Würzburg, Ansbach, Düsseldorf, Schleswig-Holstein, Chemnitz: In the public perception, Islamic State has long been spinning its web across the country. Spectacular raids in the last few months have strengthened the impression that Germany has, on several occasions, only barely escaped cataclysmic attacks. But as it turns out, the distinctions between terror-plots, empty boasting and false alarms are fluid.

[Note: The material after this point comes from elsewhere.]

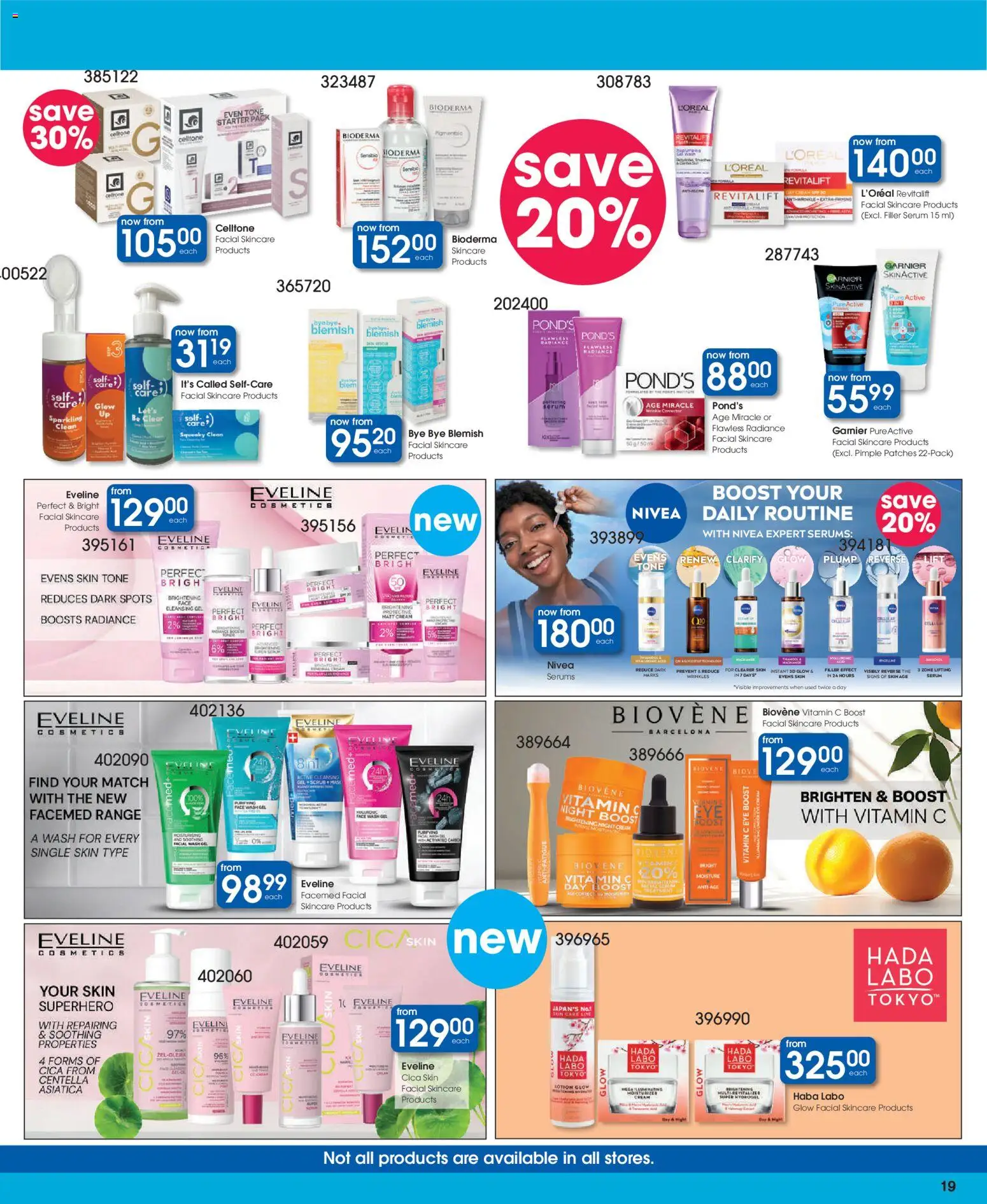 New Clicks catalogue – valid from 11.03.2026 | Page: 19 | Products: Serum, Mask, Cream, Lotion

And since with every real or suspected threat the number of tips expands, it is becoming more difficult for the authorities to keep up. By early October, the Federal Criminal Police Office (BKA) alone had received 445 reports in which refugees were described as terrorists or sympathizers. In 80 of these cases, the BKA launched investigations, while the majority of the remaining cases were mistakes or denunciations. German citizens have called the BfV’s hotline 800 times since the start of the year. On top of this, the German Federal Intelligence Service receives an average of two warnings a week, though they sometimes come daily, from foreign intelligence agencies. Sometimes these are vague indications that a terror group intends to travel to Germany through Bulgaria in order to carry out an attack. But how should one act on such information?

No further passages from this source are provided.